So what's the big deal? These parents say to expect boys to change with a young woman present - albeit behind a curtain - is imposing on their "modesty and dignity." In a very small way, I can see that. Kids in middle school are going through an incredibly tough time - they're touchy about EVERYTHING.
But transgendered kids are kids too. Once they begin telling the world they are of a certain gender, those that have made the switch entirely (the kids who the policy is built around) are making an attempt to live in one gender.
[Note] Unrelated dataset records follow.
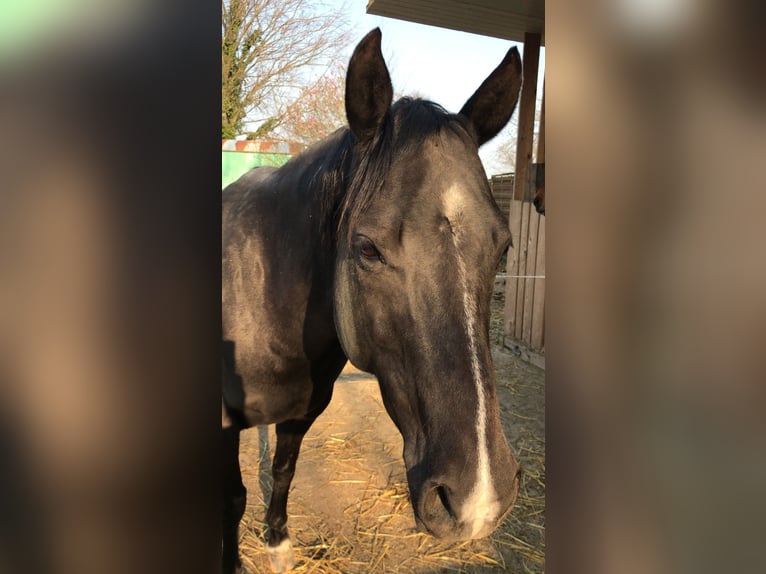 American Quarter Horse Stute 15 Jahre 149 cm Rappe in Erkelenz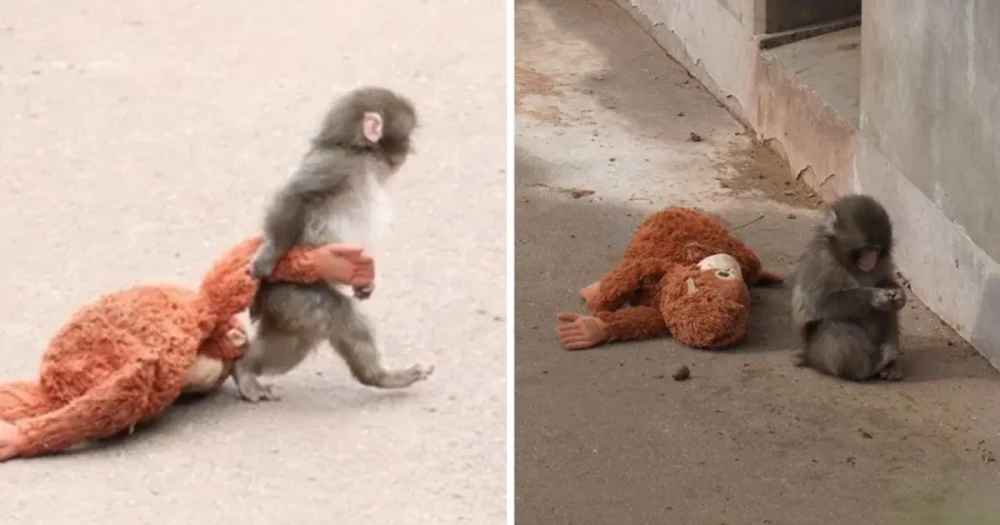 Peluş Oyuncaklı "Punch"ın Bakıcısı Konuştu: "Yalnızlık Çekiyor"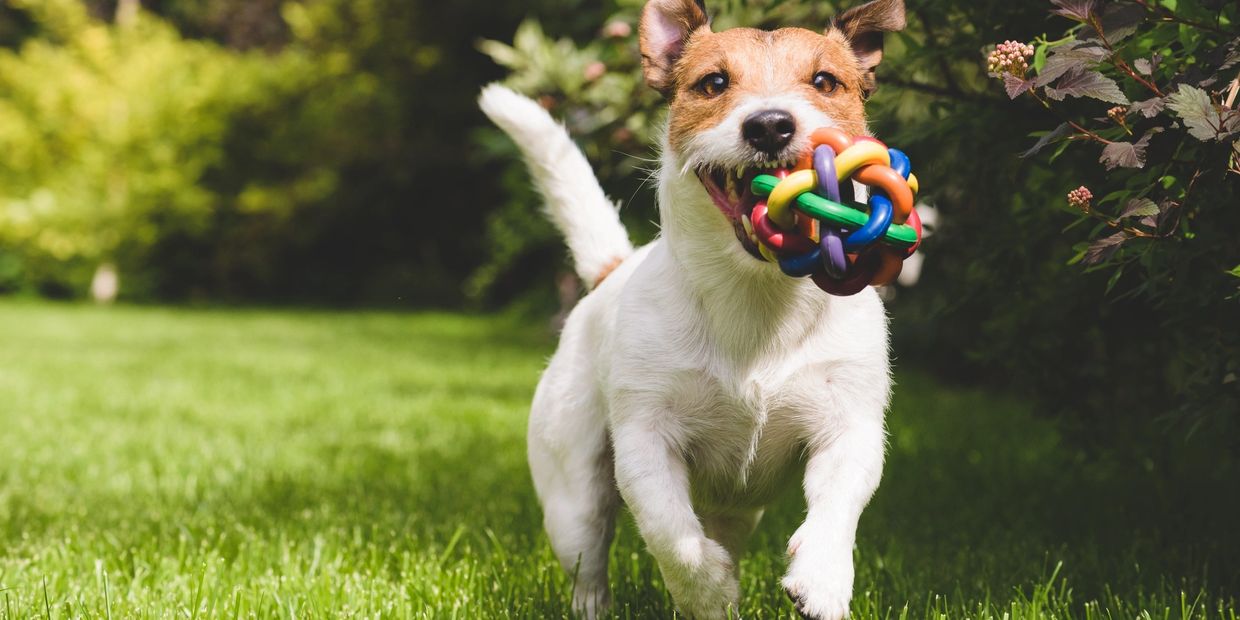 Dog playing outside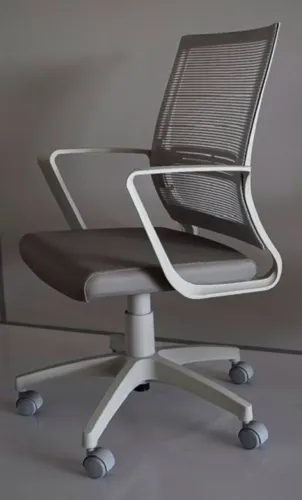 MESA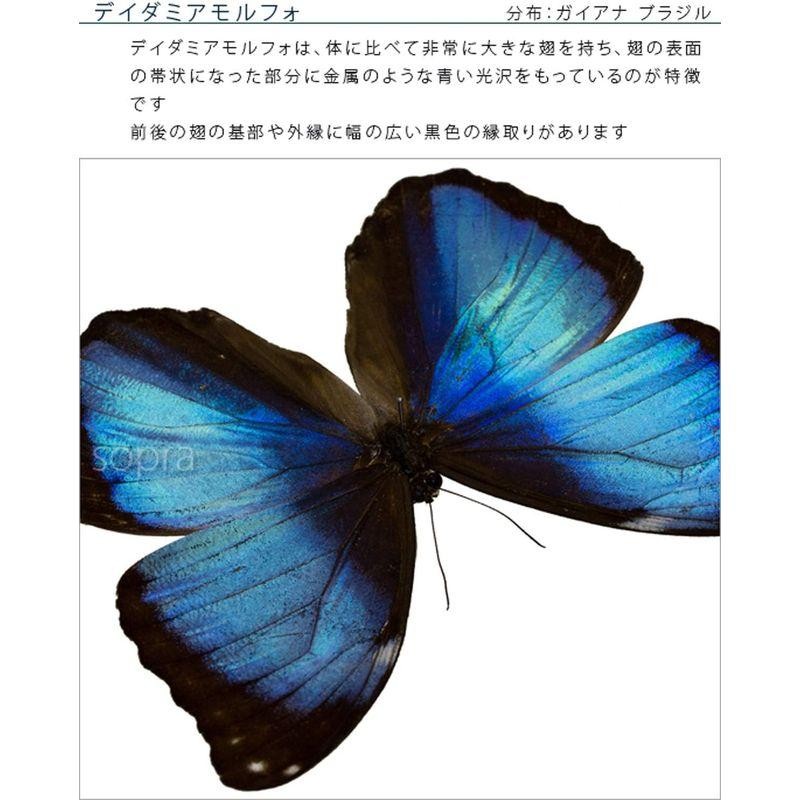 蝶の標本 デイダミアモルフォ Morpho deidamia モルフォチョウ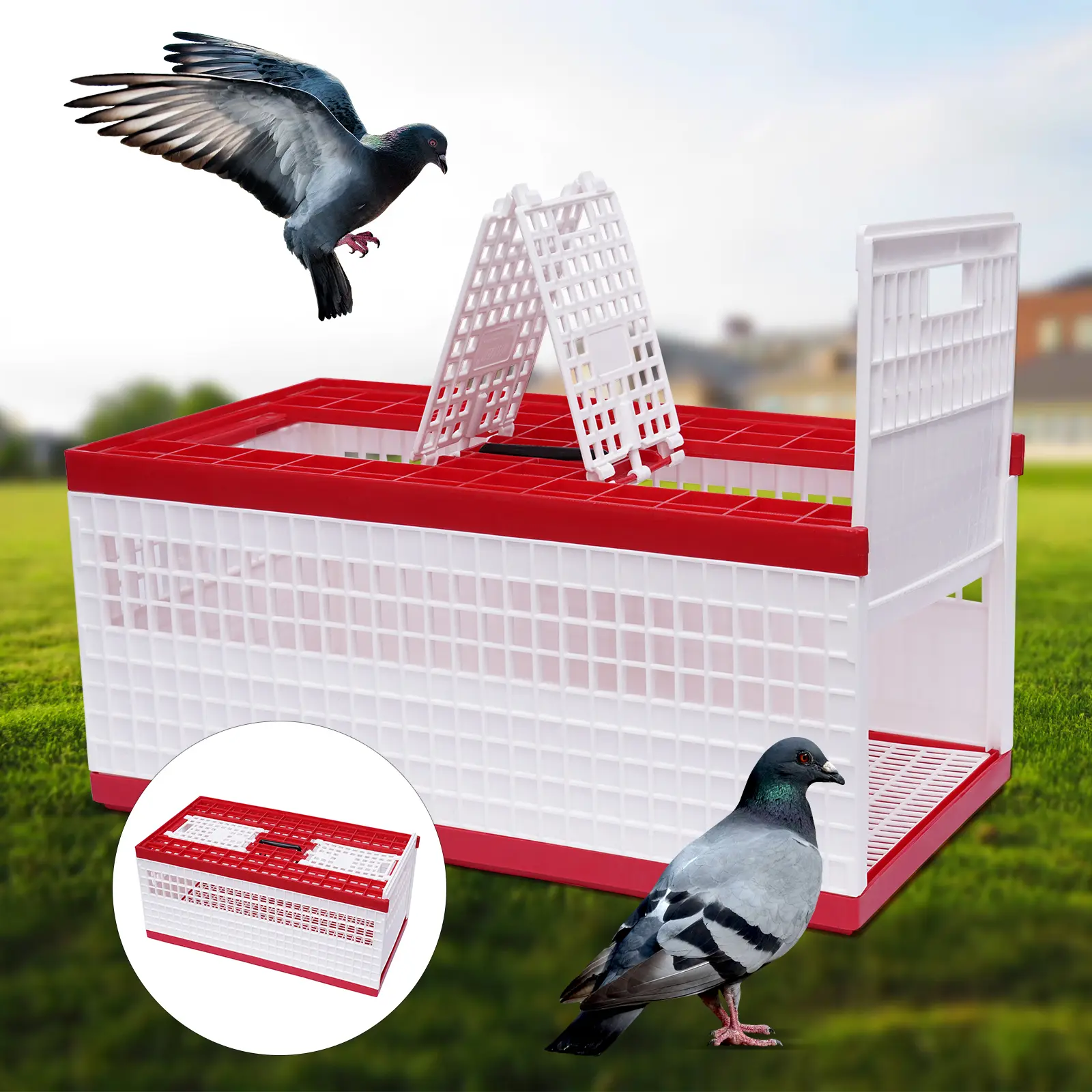 Injection Molded Plastic Pigeon Transport Cage, Modern Large Capacity Rectangle (23.62*12.2*10.24in, 3.38kg/7.45lbs, About 14 Pcs) - Grid Ventilation for Fresh Airflow & Visibility, Top Handle, Easy Assembly, Cleaning & Access, for Courtyard Use
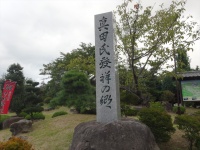 [14/09/11]真田氏記念公園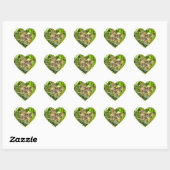Wertvolle Jungle Kitty Stickers (Blatt)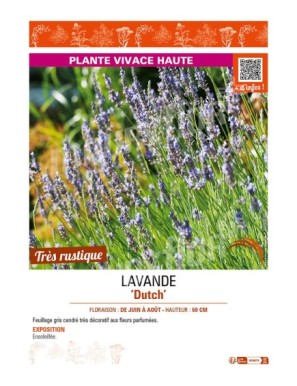LAVANDE DUTCH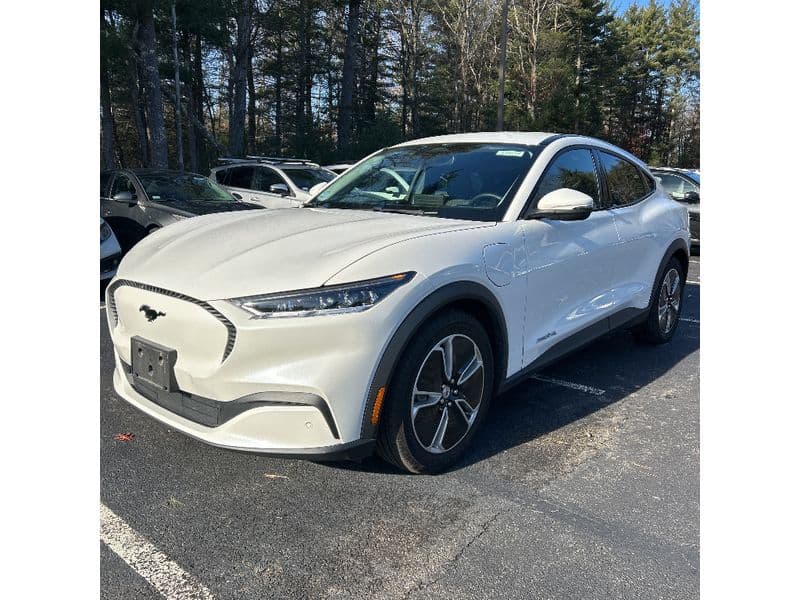 2022 Ford Mustang Mach-E view 1
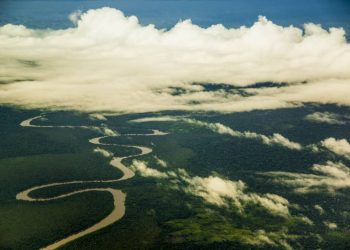 Governador sanciona lei que institui a Política Estadual sobre Mudanças Climáticas do Pará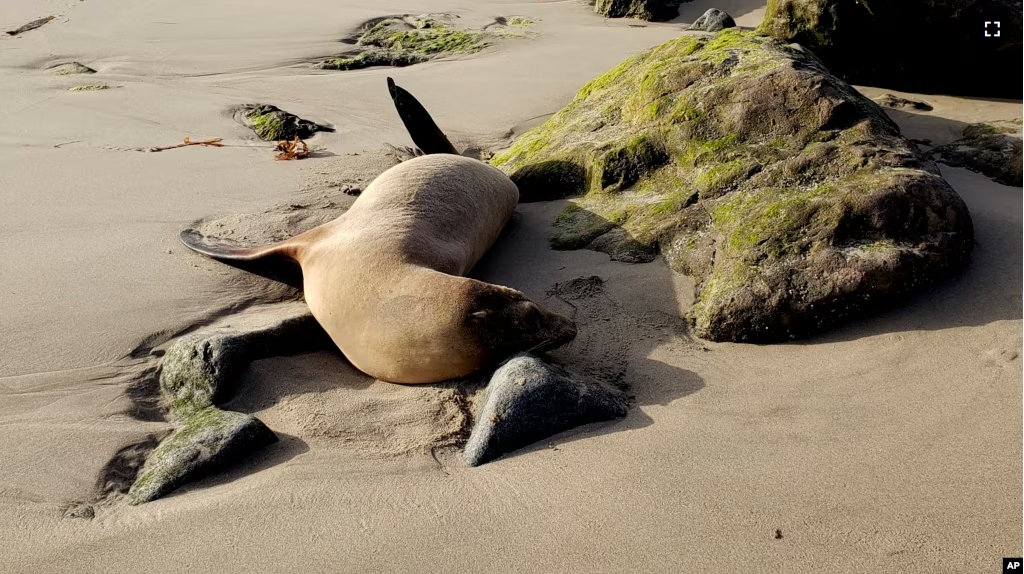 This photo provided by the Channel Islands Marine & Wildlife Institute (CIMWI) shows a sick sea lion on San Buenaventura State Beach in Ventura, California on July 29, 2024. (Channel Islands Marine & Wildlife Institute via AP)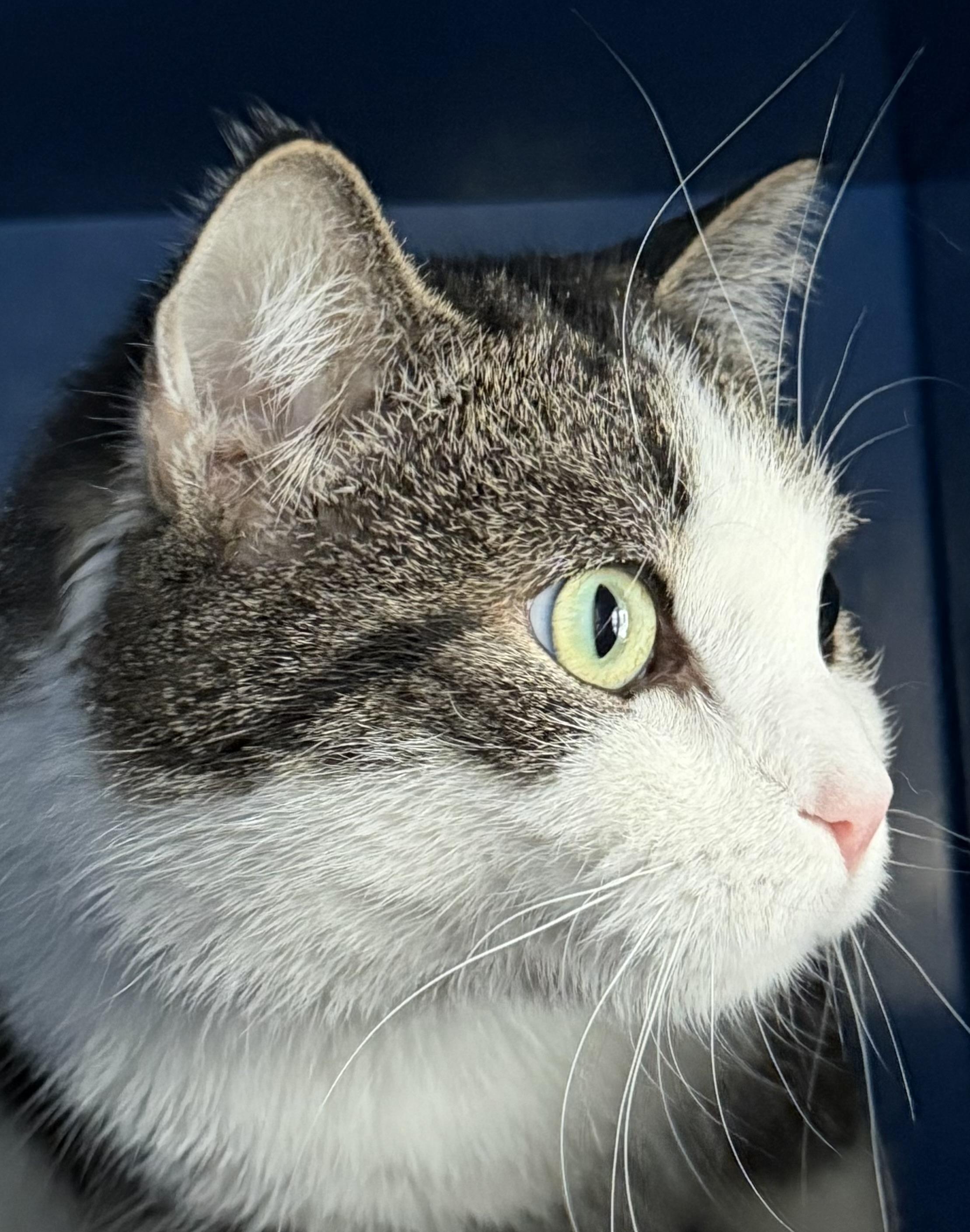 Enlarge Lucky, an adoptable Domestic Short Hair in Sault Sainte Marie, MI image 5/6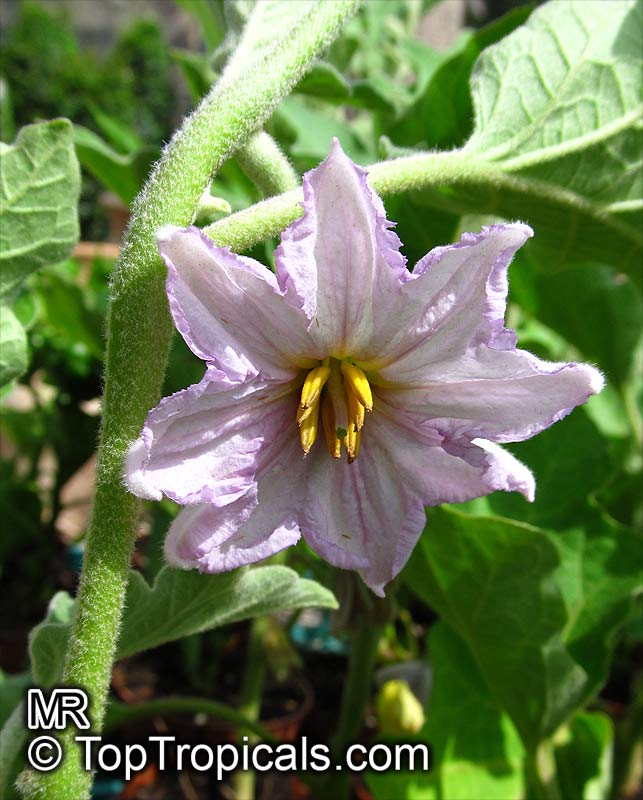 Solanum melongena, Tropical Eggplant, Asian Eggplant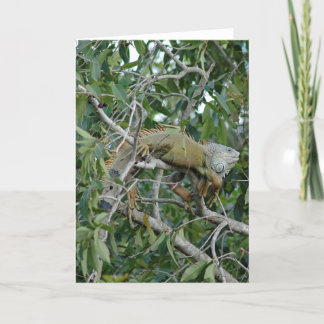 Uit op een Kaart van het Lidmaat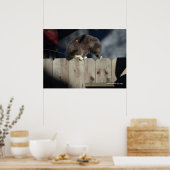 Kat op hek (10) Poster (Keuken)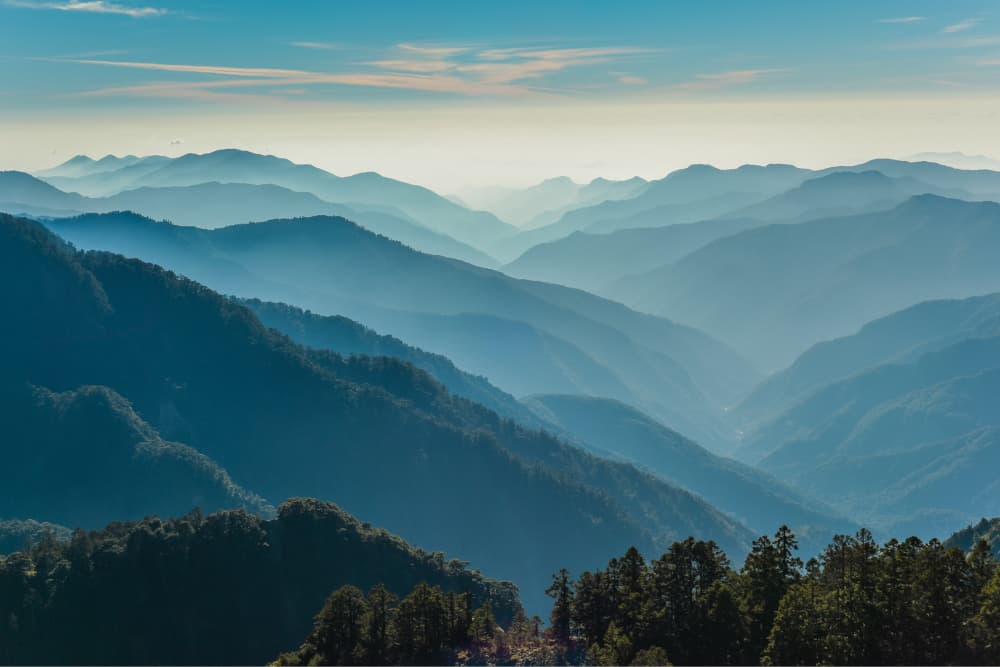 多摩川の筏流し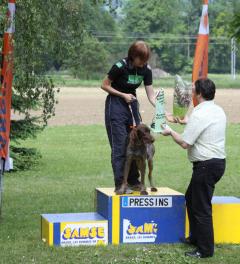 CHAMPIONNATS FÉDÉRAUX DE CANICROSS & CANIVTT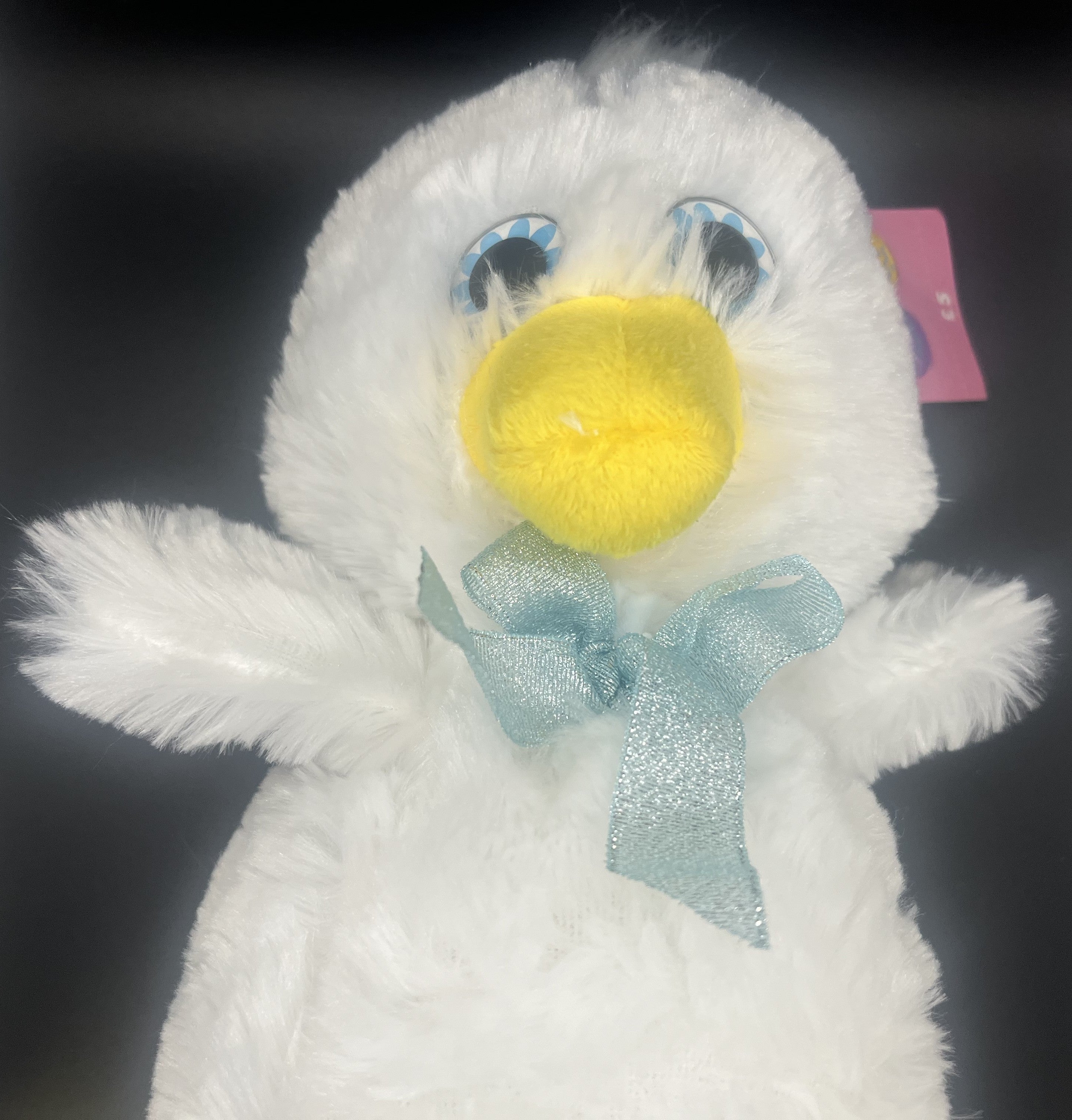 Duck Teddy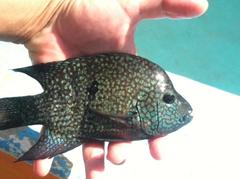 Herichthys carpintis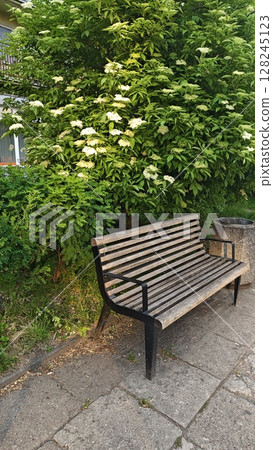 Wooden bench with metal arms placed near blooming green bushes on a sunny day in a park Wooden bench with metal arms placed near blooming green bushes on a sunny day in a park 128245123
If the other kids watch a "girl" named Jane walk into the boys bathroom, all her hard work to live comfortably in her own skin will come undone. "She" will be uncomfortable; what's more, she will have her rights to be protected from discrimination violated.
I'm also hard-pressed to see how it's any more uncomfortable to change in front of someone who is walking around acting like they're the same sex as you than it is to change in front of someone who has the same parts "down there" as you do. Kids in middle school, for the most part, still change very quickly in the locker room with their eyes downward (at least they did in my school). Are we going to start separating out the gay kids next because homophobic kids are "uncomfortable" imaging they're being looked at?
What these parents need to do is educate their kids on what transgender means, specifically the fact that these kids are not just cross dressing. They are specifically living their lives in another gender, the same gender as the kids sharing their bathrooms and locker rooms. Or maybe these parents are the ones who need an education?